> ACTIVITY
Produce a word-for-word copy of the line that contains "Size: 1073x1650 |" and each line after it through the end of the material, omitting pictures and all other lines.

Start of DATA SEGMENT

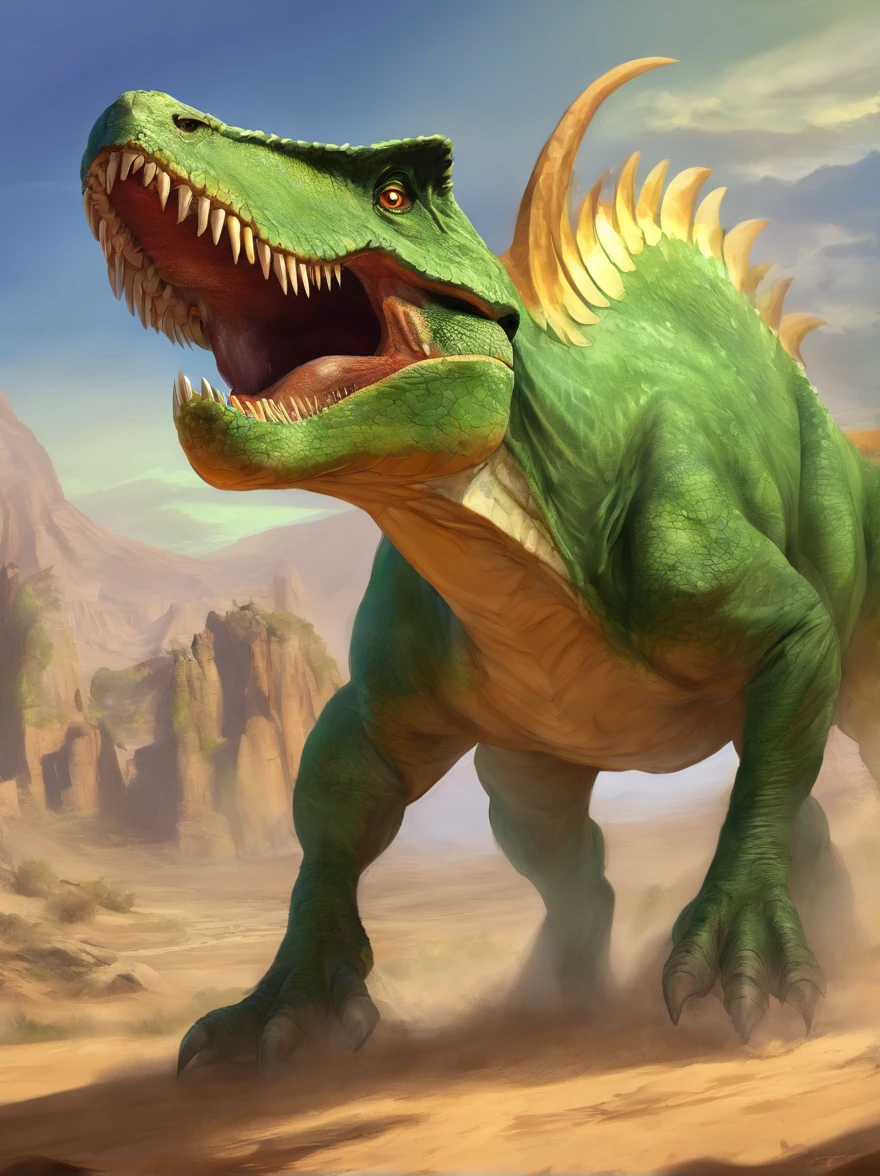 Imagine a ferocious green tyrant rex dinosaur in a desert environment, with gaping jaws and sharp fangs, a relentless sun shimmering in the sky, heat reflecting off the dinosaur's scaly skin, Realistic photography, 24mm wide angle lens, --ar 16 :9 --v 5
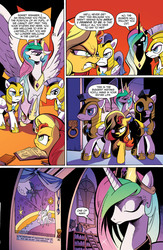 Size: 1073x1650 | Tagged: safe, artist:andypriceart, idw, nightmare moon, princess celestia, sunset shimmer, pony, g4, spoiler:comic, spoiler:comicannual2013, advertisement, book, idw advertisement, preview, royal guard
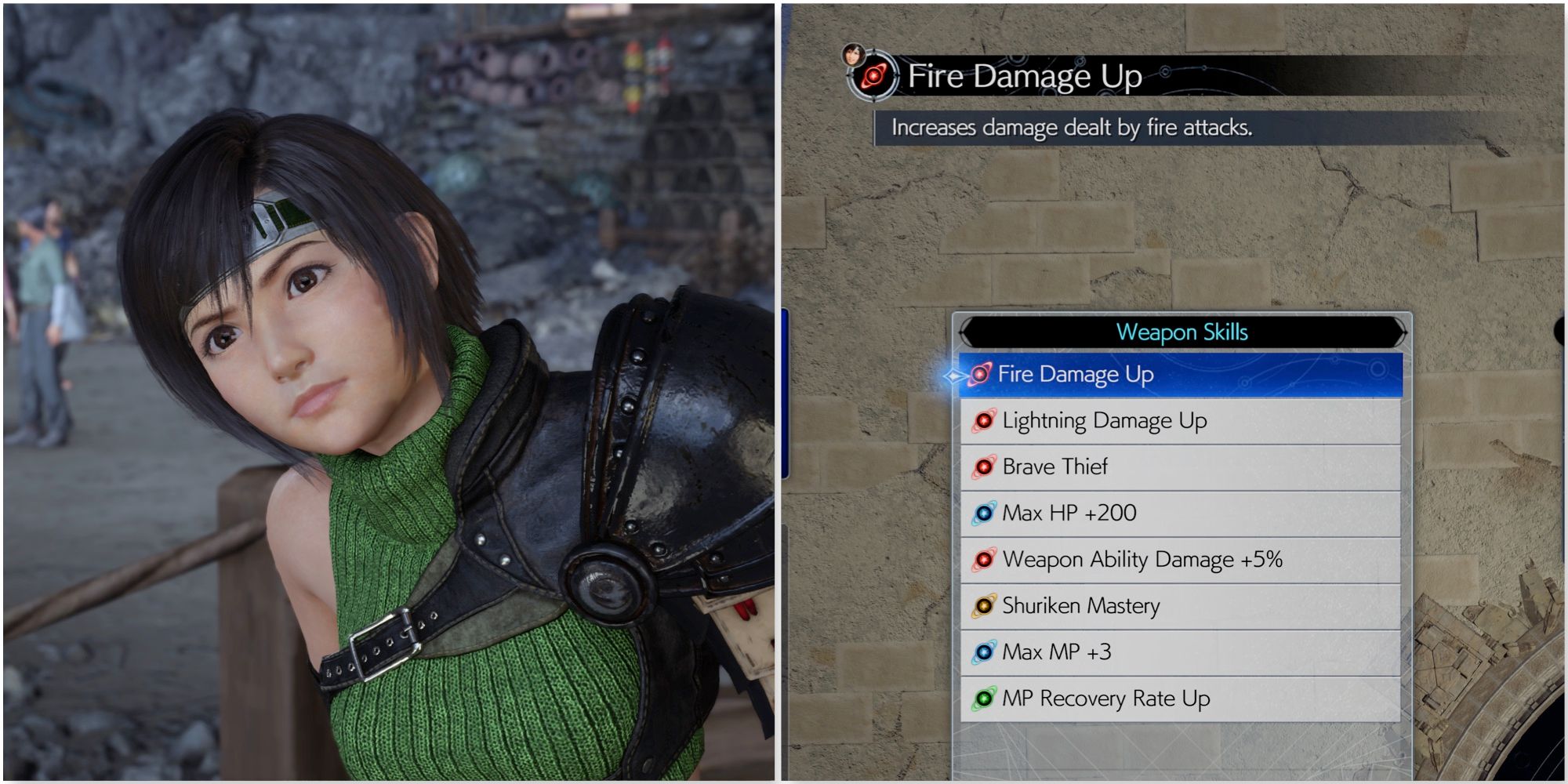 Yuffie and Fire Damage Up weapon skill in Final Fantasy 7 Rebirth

End of DATA SEGMENT

> OUTPUT OF THE EXERCISE
 Size: 1073x1650 | Tagged: safe, artist:andypriceart, idw, nightmare moon, princess celestia, sunset shimmer, pony, g4, spoiler:comic, spoiler:comicannual2013, advertisement, book, idw advertisement, preview, royal guard
 Yuffie and Fire Damage Up weapon skill in Final Fantasy 7 Rebirth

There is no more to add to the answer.